Ecology and habitat.
Solanum stellaticalycinum grows as a single stemmed herb (Figs 1A, 2A) in the understory of primary montane forests, often close to the somewhat open borders of rural paths, between 2,399 and 3,000 m elevation. Plants have been collected in flower between August and November (Fig. 1A), and fruiting specimens in April and October. It is likely that these plants bloom irregularly all year round, as do many other solanums from similar habitats.
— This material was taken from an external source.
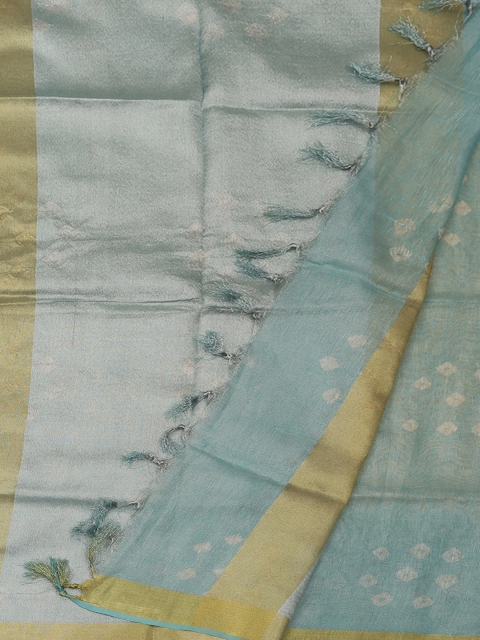 

Pothys Cream-Coloured & Sea Green Pure Linen Colourblocked Saree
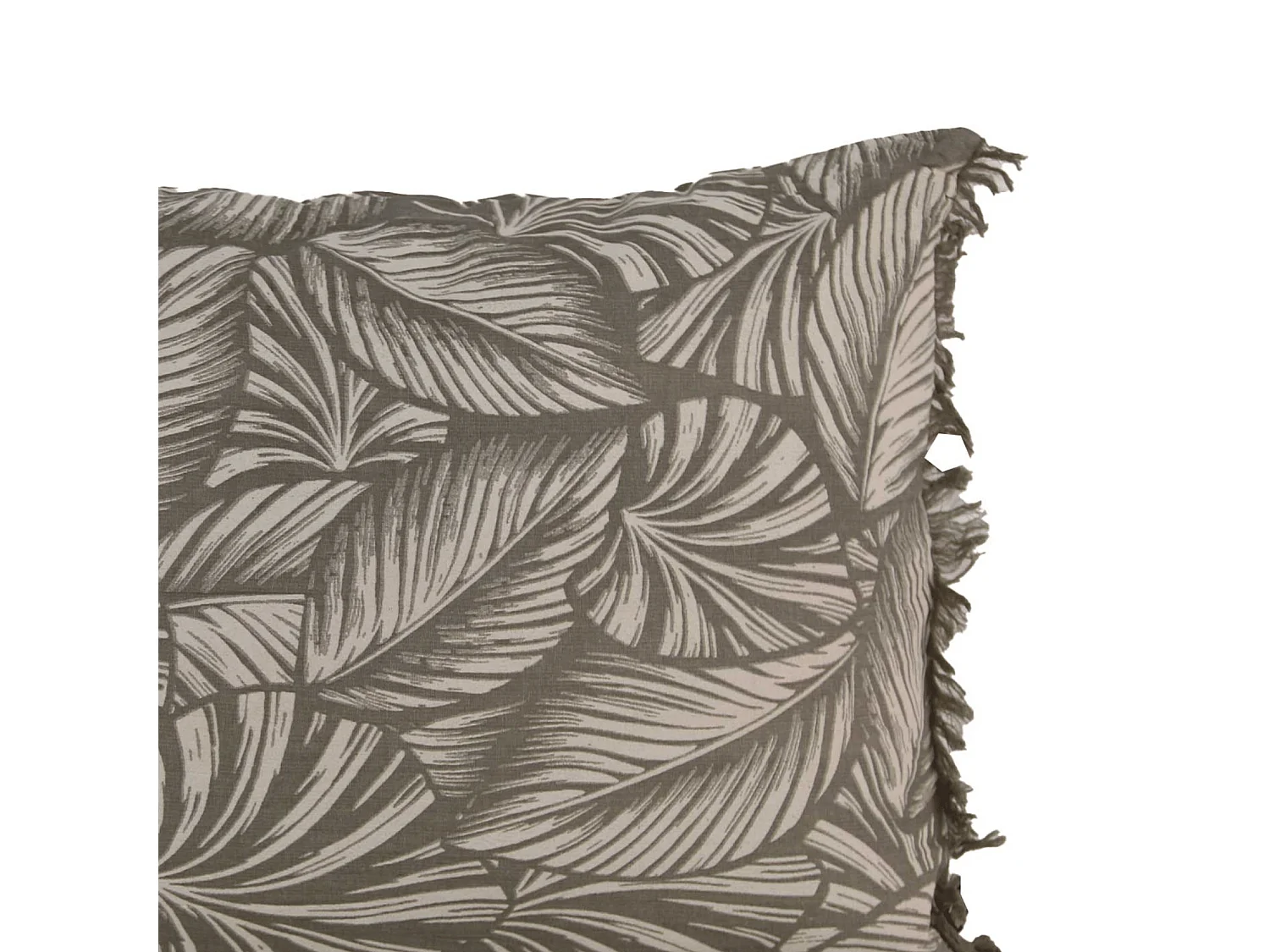 Cojín con estampado de hojas exóticas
Solanum stellaticalycinum M.A.Cueva, Treviño & D.Sotomayor. A, B. Habit; C. Inflorescence; D. Flower at full anthesis; E. Floral buds; F. Fruit (M. Cueva et al. 645). Photos by M.A. Cueva.
Solanum stellaticalycinum. A. Habit; B. Inflorescence; C. Flower; D. Floral dissection; E. Anther detail; F. Gynoecium detail. G, H. Fruit longitudinally dissected to reveal seeds (based on M. Cueva et al. 645). Illustration by Maria I. Villalba.
Images of the seed coat using SEM from Solanum stellaticalycinum. A. Whole seed; B. Testal cell shape detail. Scale bar in image.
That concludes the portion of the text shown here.